Beaches Lure Travelers to Mexico’s Yucatán Peninsula

Palm trees sway on the beach in Akumal, Mexico.

Palm trees sway on the beach in Akumal, Mexico.

Story by Kassondra Cloos; photos by Michael Ciaglo

Kassondra is a freelance travel writer based in London. Michael is a freelance photographer based in Denver.

A rental car takes you to less-crowded stretches of sand.

Some beaches encourage relaxation, inviting you to prop up an umbrella and open a good book. Others offer opportunities for diving on reefs brimming with countless colorful fish. Some provide seasonal wildlife watching, and some are lined with restaurants and eclectic shops. With a rental car and a sense of adventure, you can find all of the above along Mexico’s Yucatán Peninsula.

On a sun-drenched road trip, three friends and I explored a handful of far-flung beaches just off Highway 307, which stretches 230 miles from Cancun south to Chetumal. For part of the trip, the resort town of Playa del Carmen, an hour south of Cancun, served as our home base. When exploring beaches farther south, we stayed in the sleepy lakeside town of Bacalar, about 40 minutes northwest of Chetumal. Every day we ventured out in search of uncrowded spots to soak up some vitamin D and enjoy being together.

As luck would have it, the 700-mile-long Mesoamerican Reef — the largest barrier reef in the Western Hemisphere — lies in the Caribbean Sea right off Playa del Carmen. Some 500 species of fish live on the reef, and sea turtles or dolphins are often sighted. Numerous dive centers in both towns offer SCUBA and snorkeling tours.    

At Playa Akumal, 35 minutes south of Playa del Carmen, we donned snorkels to go in search of the turtles that swim in the warm, shallow water. The beach opens at 9 a.m., and the earlier you arrive, the better your chances of spotting the turtles, as they tend to move farther out when surrounded by a lot of swimmers. Touching or harassing the turtles is illegal, as they are protected by the Mexican government.

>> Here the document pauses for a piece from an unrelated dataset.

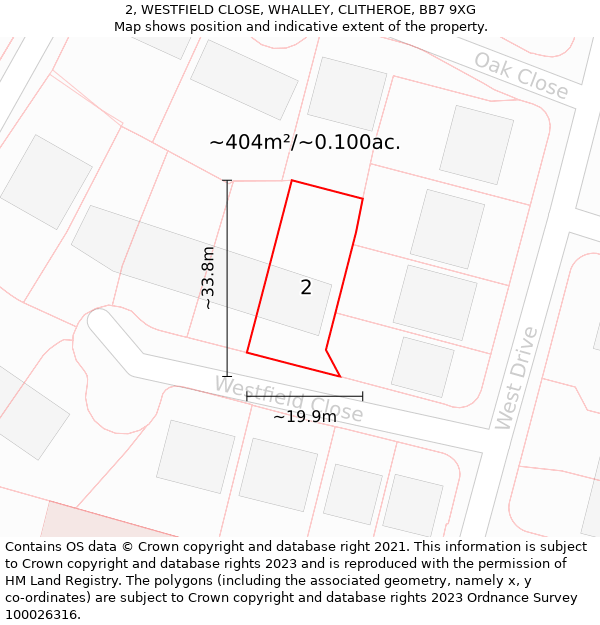 2, WESTFIELD CLOSE, WHALLEY, CLITHEROE, BB7 9XG: Plot and title map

At Xcacel Área Natural Protegida, a nature preserve about 15 minutes south of Playa Akumal, green and loggerhead sea turtles nest from May to November. During that time, recreational activities are restricted to one side of the beach, and staff members explain how to keep the turtles safe. You won’t find much in the way of amenities or facilities here, but you likely will find an empty patch of sand to spread a towel.

Chilling Under the Sun

Our favorite beaches for lazy afternoons were Puerto Morelos and Playa Mahahual. Puerto Morelos, about 30 minutes north of Playa del Carmen, feels like a delightfully classic beach town, with a walkable town center dotted with restaurants, shops and outdoor craft vendors. You don’t have to be a hotel guest to rent beach chairs and tables, so we pooled our cash — about $10 to $15 US — for a generously sized umbrella and chairs. Our afternoon was so pleasant, we returned the following day.

Playa Mahahual, located about an hour and 15 minutes northeast of Bacalar, boasts restaurants that offer shady seating areas all along the beachfront, where you can gaze at the sparkling waters as you savor seafood dinners. Originally a fishing village, the town now is a port of call for cruise ships, so you may want to visit late in the afternoon after the crowds have departed.

Funny, but I never used to think of myself as a beach person, finding the experience to be a bit lazy compared to other outdoor adventures such as hiking or climbing. I’ve learned that sometimes, venturing out into the bright white sun, out beyond the edge of the continent and into clear, warm water, is exactly the adventure I need.